Camareras carismáticas que lo han visto todo, veteranos del ejército que no quieren recordar lo que vieron, ex-combatientes todos de guerras ridículas (excepto para quienes las padecieron, claro está), cabareteras con proyección, actores frustrados, buscavidas que no tienen donde caerse muertos (¿no es esa la definición de buscavidas?). Todos constituyen una “comunidad”, mítico refugio en el imaginario estadounidense que debe de remontarse a los tiempos de exploradores, colonos y primeros asentamientos en tierra de nadie.

Frente al individualismo recalcitrante, la posibilidad de una concordia entre iguales. Aunque estos iguales se dediquen únicamente a beber y recordar tiempos pasados. Pero no simplifiquemos: las largas horas en el bar dan para filosofía de proximidad, confesiones, reapariciones de amores platónicos y reedición de antiguos vicios. En definitiva: una comedia humana que no es tanto micromundo como búnker en el que refugiarse de la hostilidad exterior, oasis resacoso donde se niega el presente y se fantasea con las vidas que estaremos llevando en otros rincones alternativos del multiverso. Con fortuna, tan distintas.

La rememoración de un tiempo perdido -o arrebatado- y la búsqueda de alguna verdad profunda también está presente en la ópera prima Freshman Year (Shithouse) un filme-anécdota del año pasado obra del hombre orquesta Cooper Raiff (¡escribe, dirige, produce, edita y es el protagonista!).

Volvemos al campus y, por una vez, olvidaos de todos los tópicos amasados a lo largo de décadas de comedias universitarias: fiestas sin fin, despertar de bajos instintos y maratones sexuales con compañeros de residencia.

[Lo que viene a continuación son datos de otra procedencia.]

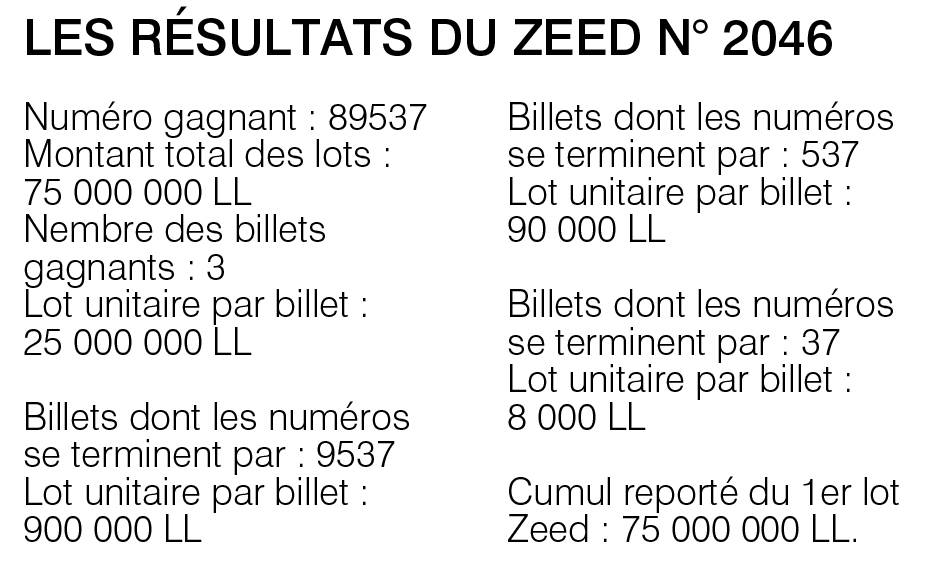 Les résultats du Zeed n° 2046
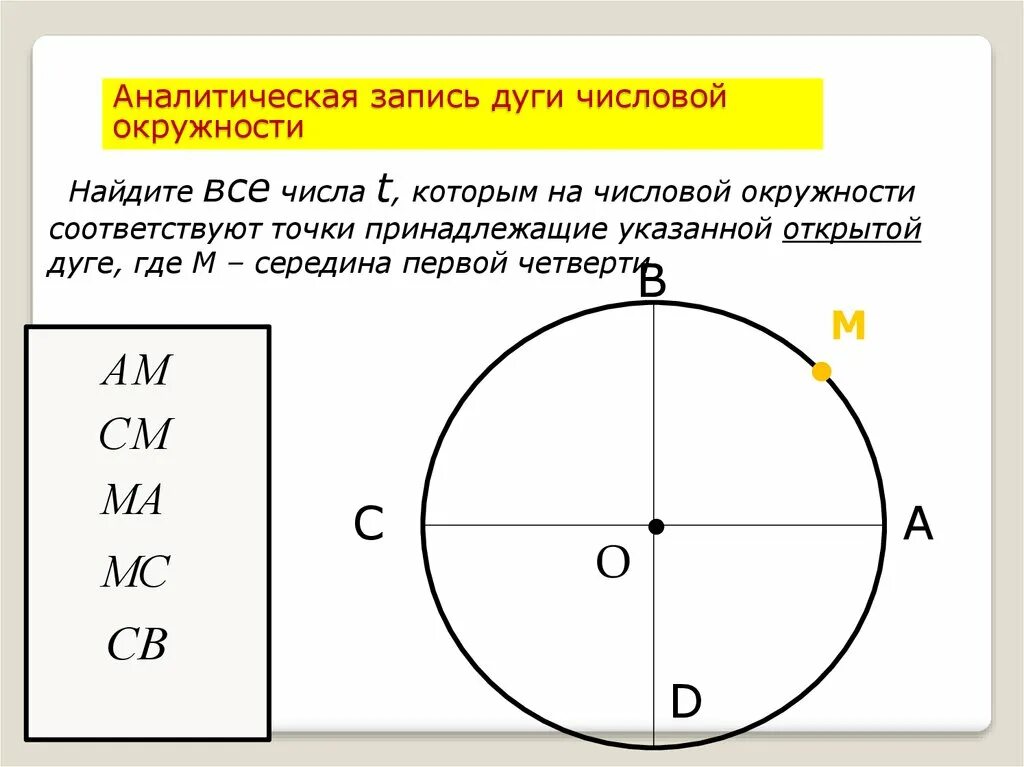 4 точки принадлежат одной окружности. Аналитическая запись дуги числовой окружности. Дуга всей окружности. Точка принадлежит окружности. Принадлежащие окружности.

Aunque todo eso exista: Alex, en su primer año, se pasea en otro aburrido fin de semana lejos de casa por los decorados de otro supuesto “templo del conocimiento” que para sus compatriotas es sinónimo de búsqueda y experimentación o, más concretamente, del último espejismo de libertad personal. Sin nada que hacer y con mucha morriña (el chico es más bien un niño de mamá de Texas que no lleva muy bien lo de tener que aprender a valerse por sí mismo) todo lo que debería de estar aprovechando -esa primera oportunidad en la vida de no tener que contentar a nadie más que a uno mismo- se le antoja potencialmente vulgar hasta extremos asfixiantes.

Su sentimiento trágico de la vida chocará con las ganas de dejarse llevar de Maggie. No es exactamente su opuesto, pero sí que le saca un par de años en lo que a madurez emocional se refiere. En otra de esas noches aparentemente perdidas, se concederán la oportunidad mutua de conocerse. Aunque el uno esté dispuesto a abrirse a cualquiera que le preste sus oídos y la otra haya aprendido hace tiempo a hacer gala de un cauteloso escepticismo en lo que a lidiar con el género opuesto se refiere.

Del choque entre el generoso y desvalido Alex y la desinhibida pero muy herida Maggie, surge algo parecido a… un refulgir de genuina ‘verdad’ (repito: si tal cosa es posible). Porque volviendo al vilipendiado asunto de la realidad -durante tanto tiempo, antónimo de lo que quería ser y ofrecer el cine made in USA-, Freshman Year consigue el milagro de hacernos recordar nuestros años universitarios, alejados de toda épica y mucho más parecidos a esa sensación de “no pertenencia” que le embarga al protagonista. Y no porque hubiese una distancia enorme respecto del lugar donde habitaban nuestros seres queridos, sino por ese continuo interrogarse a uno mismo sobre su lugar en el mundo, sobre las expectativas propias y ajenas, sobre la necesidad siquiera de tratar de encajar en una sociedad a la que empieza a verle las costuras y los descosidos.

Dos películas que rebosan sinceridad y sensibilidad, ya sea hacia personas (tipos reales, por entendernos) o personajes (seres “ficcionados”, aunque claramente autobiográficos). Sin condescendencia, sin necesidad de reivindicar una emotividad que surge pocas veces de manera natural en la narración cinematográfica; esos preciosos instantes de tiempo que alcanzan cierto carácter universal mientras murmuramos para nuestros adentros que “esto es así, joder”.